[Dataset entries]
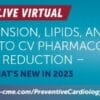 Penn Medicine Hypertension, Lipids, and Approaches to CV Pharmacologic Risk Reduction What’s New in 2023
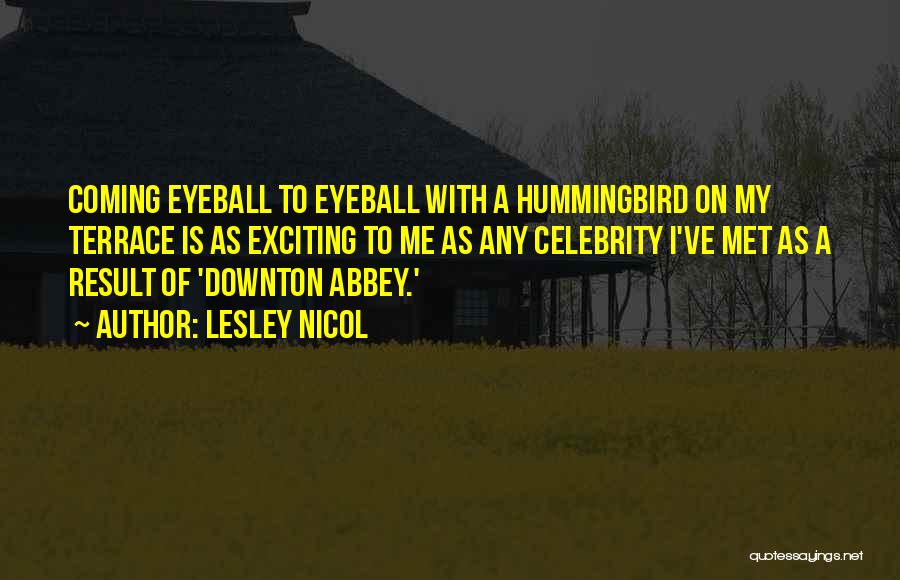 Best Downton Quotes By Lesley Nicol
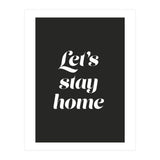 Let’s Stay Home (Print Only) thumbnail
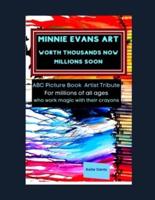 Minnie Evans Art Worth Thousands Now Millions Soon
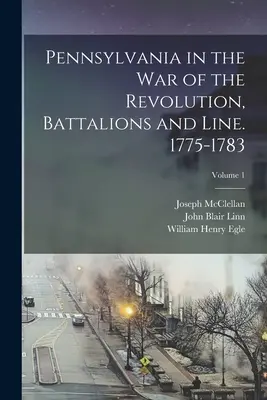 Pennsylvania im Krieg der Revolution, Bataillone und Linien. 1775-1783; Band 1 - Pennsylvania in the war of the Revolution, Battalions and Line. 1775-1783; Volume 1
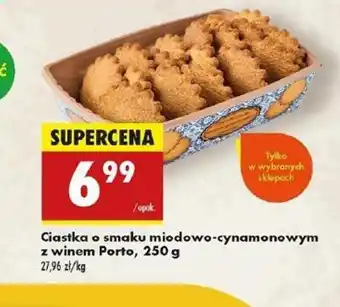 Biedronka Ciasteczka o smaku miodowo-cynamonowym z winem Porto oferta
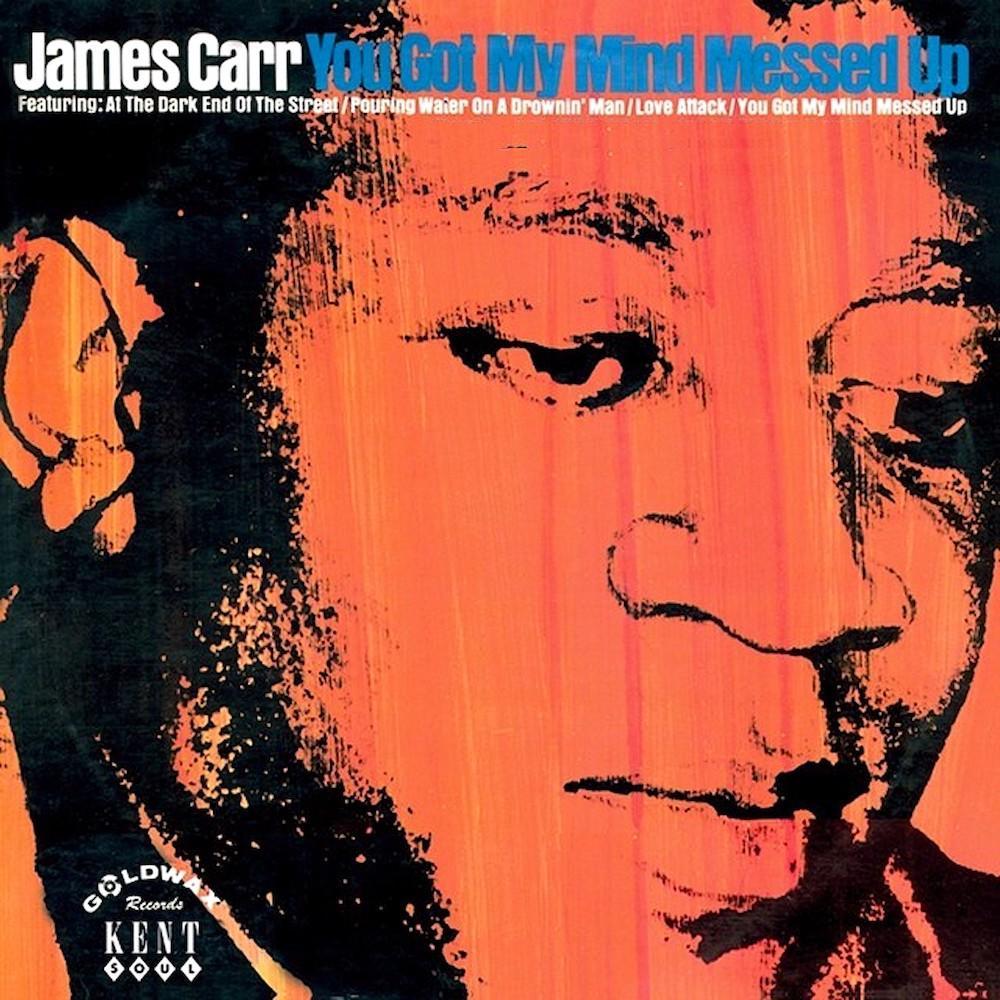 James Carr | You Got my Mind Messed Up | Album-Vinyl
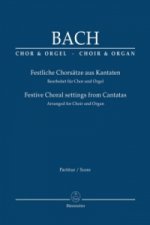 Festliche Chorsätze aus Kantaten, Bearbeitet für Chor und Orgel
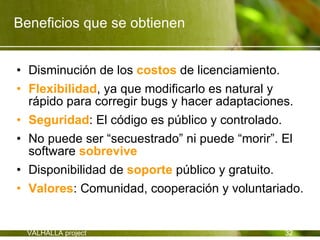 Beneficios que se obtienen


• Disminución de los costos de licenciamiento.
• Flexibilidad, ya que modificarlo es natural y
  rápido para corregir bugs y hacer adaptaciones.
• Seguridad: El código es público y controlado.
• No puede ser “secuestrado” ni puede “morir”. El
  software sobrevive
• Disponibilidad de soporte público y gratuito.
• Valores: Comunidad, cooperación y voluntariado.


  VALHALLA project                           32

• Exercise goal
Except for pictures, copy the records above exactly.

• Written response
 Penn Medicine Hypertension, Lipids, and Approaches to CV Pharmacologic Risk Reduction What’s New in 2023
 Best Downton Quotes By Lesley Nicol
 Let’s Stay Home (Print Only) thumbnail
 Minnie Evans Art Worth Thousands Now Millions Soon
 Pennsylvania im Krieg der Revolution, Bataillone und Linien. 1775-1783; Band 1 - Pennsylvania in the war of the Revolution, Battalions and Line. 1775-1783; Volume 1
 Biedronka Ciasteczka o smaku miodowo-cynamonowym z winem Porto oferta
 James Carr | You Got my Mind Messed Up | Album-Vinyl
 Festliche Chorsätze aus Kantaten, Bearbeitet für Chor und Orgel
 Beneficios que se obtienen


• Disminución de los costos de licenciamiento.
• Flexibilidad, ya que modificarlo es natural y
  rápido para corregir bugs y hacer adaptaciones.
• Seguridad: El código es público y controlado.
• No puede ser “secuestrado” ni puede “morir”. El
  software sobrevive
• Disponibilidad de soporte público y gratuito.
• Valores: Comunidad, cooperación y voluntariado.


  VALHALLA project                           32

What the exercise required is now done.